Além do mais, ele afirmava não se lembrar muito bem de tudo que dissera no interrogatório, pois, toda a pressão do ambiente o desconcertou. "Se você pega um jovem suspeito, que acabou de passar por algo traumático — você o isola, repreende, abusa verbalmente — você o faz pensar que só há uma maneira de sair daquela sala, e isso requer dizer qualquer coisa", contou.
Marty Tankleff, então, foi condenado a duas penas de prisão perpétua consecutivas, cada uma com uma possibilidade de se obter liberdade condicional somente depois de 25 anos.
Durante seu tempo na prisão, dedicou-se a estudar para se tornar um advogado, para poder contribuir, então, com sua própria defesa, quando pudesse. E assim passou 14 anos de sua vida, estudando e escrevendo para promotores aposentados para revisarem seu caso.
Nova vida
Em 2004, depois de anos coletando novas informações, depoimentos e falas de testemunhas, finalmente a defesa de Marty pediu um novo julgamento. Entre os novos testemunhos, estava o de Glenn Harris, um homem que alegou ter dirigido o carro em que levou dois pistoleiros, Joe Creedon e Peter Kent, à residência dos Tankleff. Mas ainda assim, o recurso foi negado.
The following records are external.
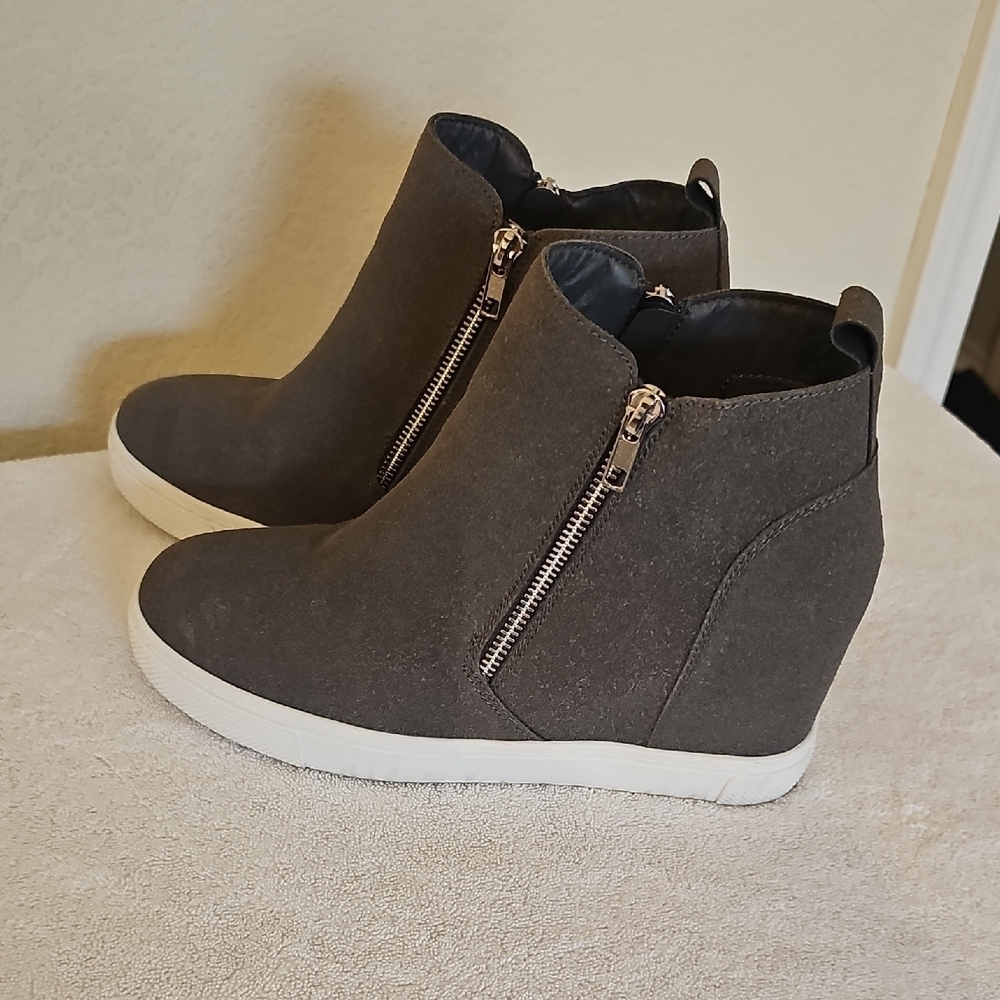 Athlefit Gray Ankle Side Zip  Booties Comfy Casual Size 9.5 EUC - Picture 5 of 12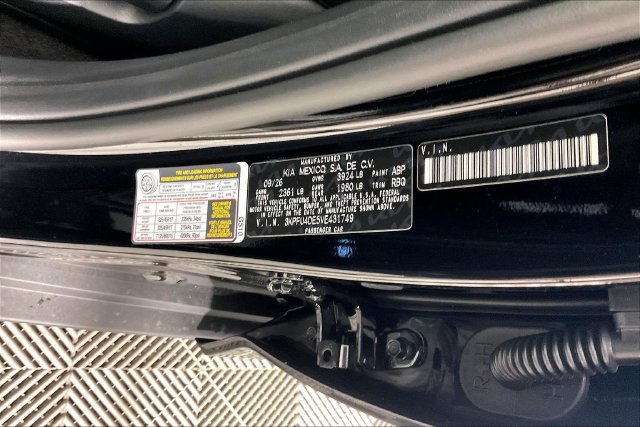 New 2027 Kia K4 GT-Line Turbo FWD image 9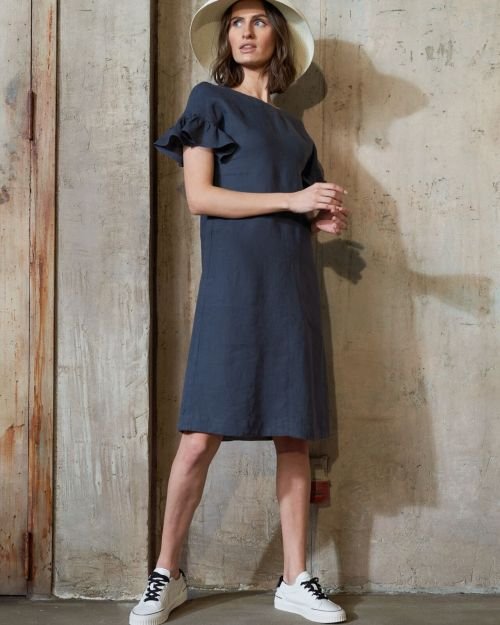 Trumpa suknelė su raukiniais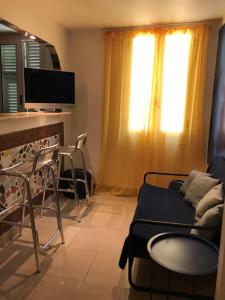 Summer Beach Studio, 4 persons, mobile AC, Old Town
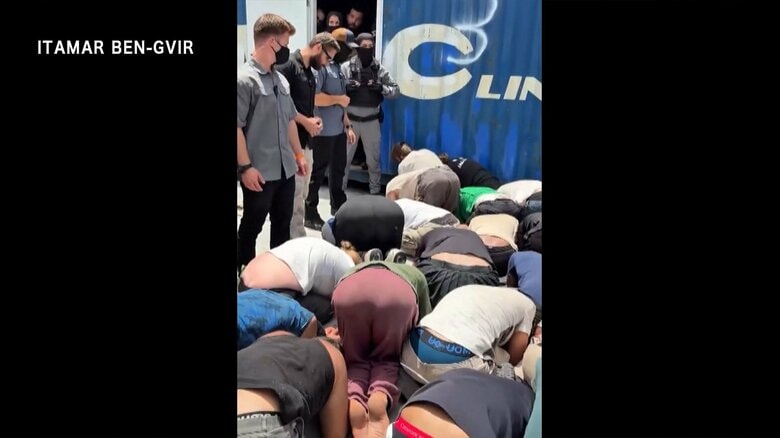 極右閣僚投稿の拘束映像でイスラエルへの批判相次ぐ　ひざまずかせた活動家映像に欧州各国が抗議｜FNNプライムオンライン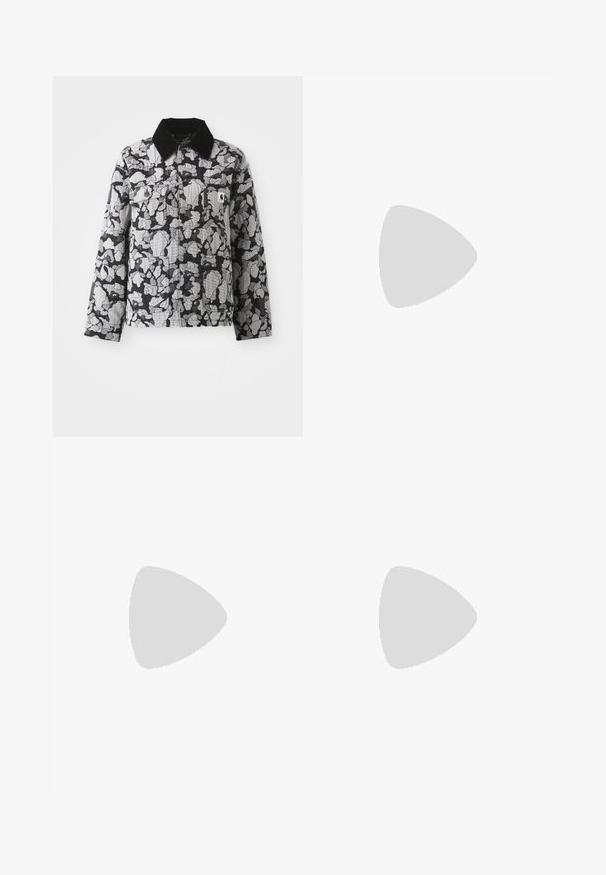 Veste à motif camouflage noir et gris avec col noir, devant boutonné, poches à rabat sur la poitrine, écusson logo jaune sur la poche de poitrine gauche.; Blouse bleu clair avec des rayures verticales bleu foncé et blanches, manches longues bouffantes, poignets boutonnés, et col arrondi bordé de dentelle festonnée.; Jean large en denim bleu foncé, avec une taille haute, des poches avant et une fermeture à lacer à la taille.; Baskets bleu clair avec une sangle à velcro, des bandes crème sur les côtés, tige en tissu souple, semelle en caoutchouc marron texturée.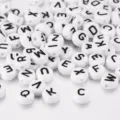 Witte ronde acryl kralen met zwarte letters voor het maken van DIY sieraden armbanden - 100 Stuks/Pak / Wit met zwarte letters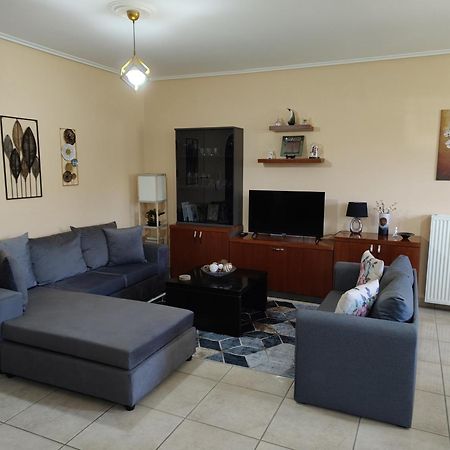 Violeta'S House Villa Corinth ภายนอก รูปภาพ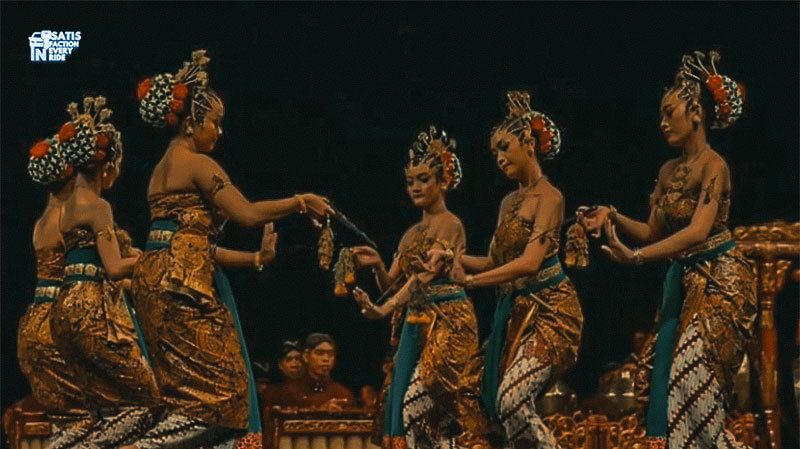 Tari Bedhaya Keraton: Hening yang Menggetarkan, Sekali Menyaksikan Sulit Dilupakan 2 tari bedhaya
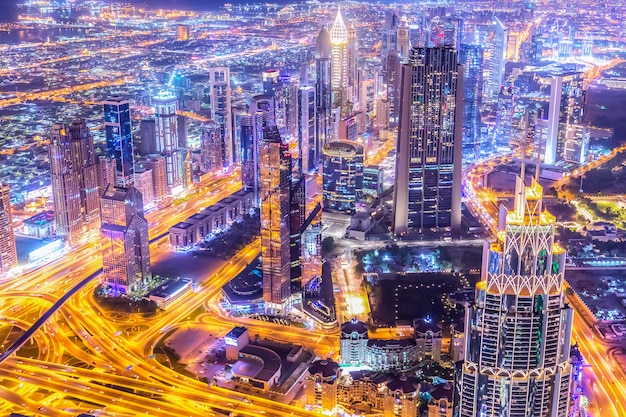 Impresionante Paisaje Urbano Aerea Con Rascacielos Iluminados Centro De Dubai En La Noche Emiratos Arabes Unidos Foto Premium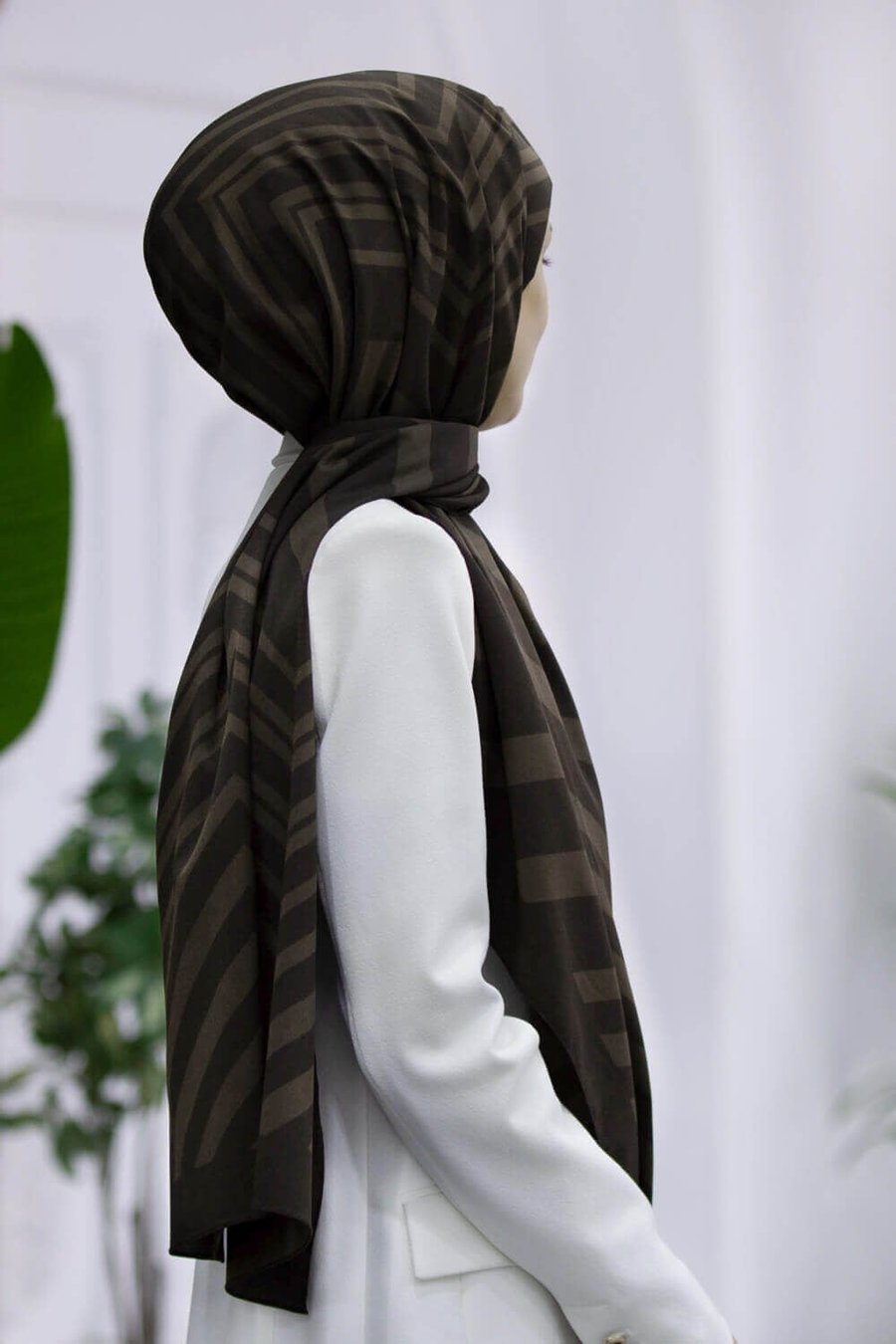 KREP ZİGZAG DESENLİ KAHVERENGİ RENKLİ 75X195 KIRIŞMAZ ŞAL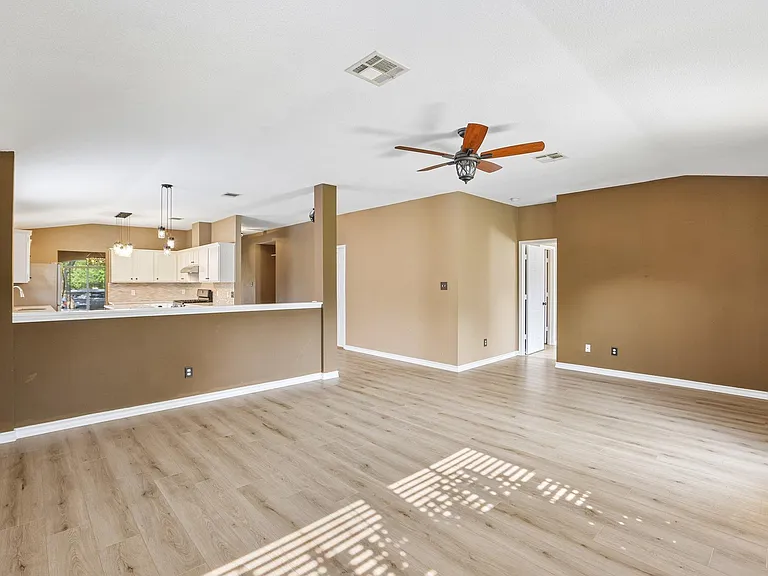 2656 Bradley Ln — Photo 7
Após isso, então, a defesa de Marty começou a se concentrar em tentar encaminhar o caso para outra jurisdição, pois, como disse o próprio advogado de defesa Barry Pollack, "não haverá justiça para ele no Condado de Suffolk".
Três anos depois, o tribunal de apelações do Brooklyn revisou o caso e, finalmente, retirou a acusação de Marty Tankleff, afirmando que "não há provas suficientes" para apontá-lo como culpado do crime.
"Só no dia seguinte, quando um guarda me trouxe o jornal e vi meu rosto na primeira página, é que realmente entendi o que havia acontecido. Foi algo que trabalhei por tanto tempo, que só consegui entender quando vi impresso", revelou o homem, depois de solto.
Aos 35 anos, Marty se formou em Direito, e começou a atuar na área nos Estados Unidos. "É difícil aceitar [o que aconteceu], e é uma das razões pelas quais me tornei advogado. Estou amargo porque o sistema falhou comigo e amargo porque houve pessoas que se comportaram intencionalmente de uma maneira que levou à minha condenação. Mas enquanto houver pessoas que saibam a verdade, tenho uma sensação de alívio", contou à BBC.